I never got Ich Free but I have a bullet proof (knock on wood) approach now. For the last 5 months I have seen 2-4 spots come and go on my harlequin tusk every 10 days (on the clock). He always shakes them off within 1 day, 2 days max. If I do anything irregular (water changes etc) that adds stress, he'll have 1-2 more than usual. I almost never worry, but when I do, I just drop the salinity a few points overnight then gradually raise it. So Ich is no problem for me now.

Do you see the bouts getting worse? Are you planning to add more fish?

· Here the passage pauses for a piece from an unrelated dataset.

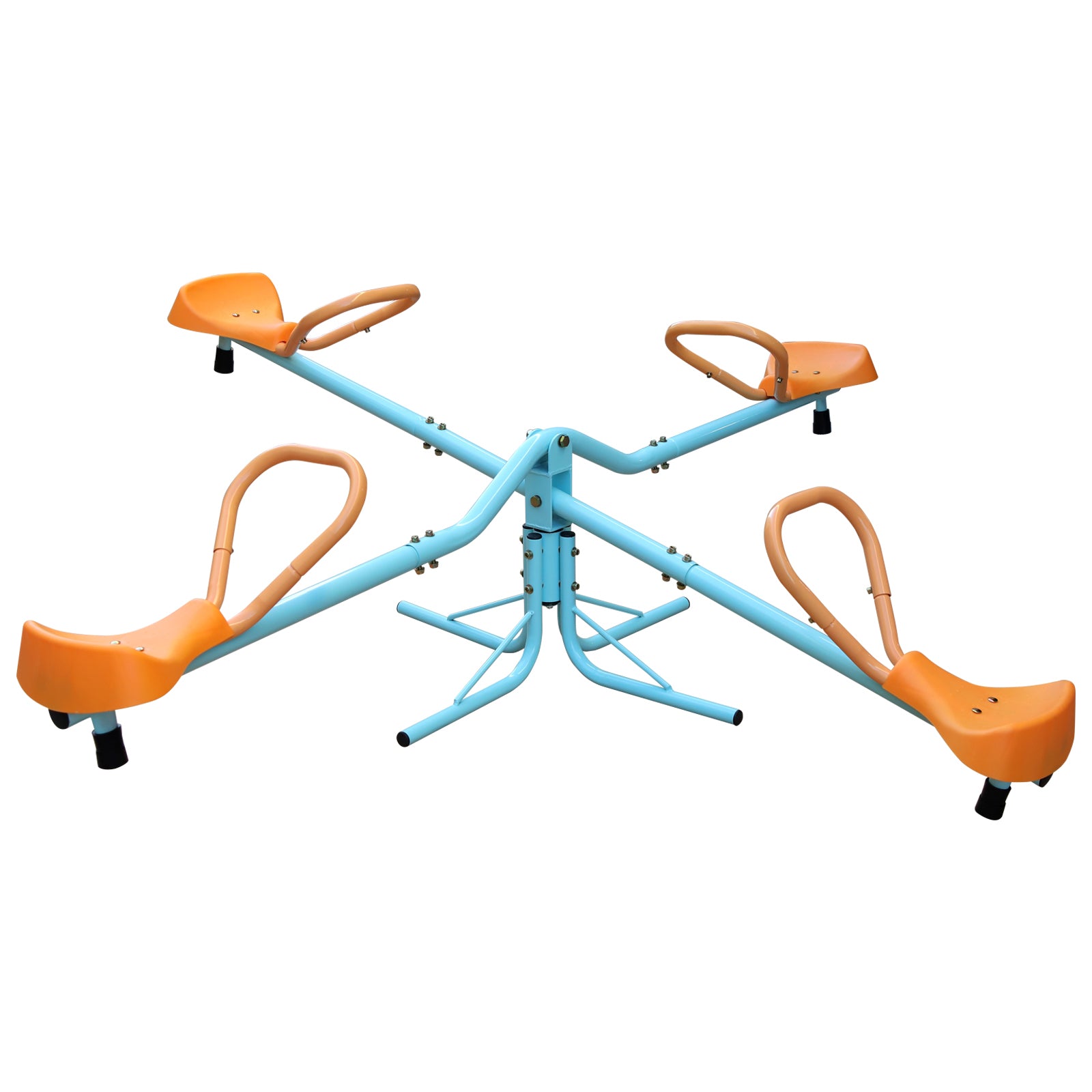 Outdoor Kids Spinning Seesaw Sit And Spin Teeter Totter Outdoor Playground Equipment Swivel Teeter Totter For Backyard Multicolor Stainless Steel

Right now they aren't too bad but the PBT got pretty bad as far as number of spots goes this last time around. My PBT actually seems to develop a bump where each of the parasites burrow, a little less than 1/4 of an inch in an oval shape. Is this unusual? It isn't happening on my purple tang which is the only other fish with spots. As far as more fish goes, I was considering trying to add another clown pair down the road, but I'm not going to be terribly upset if I am unable to do so. If one of the fishes die I would want to replace it, but in that case I would definitely be treating. I was trying to avoid having to treat all the fish, but I'm just not sure I am going to be able to get the tangs "cured" without treatment. If the fish have the white spots then they are likely in a decent amount of discomfort and I don't want them to have to just live with it. If it was just a few spots I might just let it go, but when the purple has 15+ per cycle and the PBT 40+ per cycle I just can't imagine they are too happy. A little over a month ago is when I saw the first couple spots on the PBT and a week later the Purple had a few. The ich cycle is progressing about every 5 days for me. 2days on the fish, 3 days off, although the fish never completely clear up.
They both still eat pretty well. The PBT has not eaten frozen since I got him, but still eats any flake/pellet/noori I put in. My purple eats anything, and lots of it. He usually eats as much as the rest of my tank. I'm pretty sure he'd eat my foxface if my foxface wasn't venemous. Anyways, I just can't imagine the tangs could last that long with an infection of this magnitude.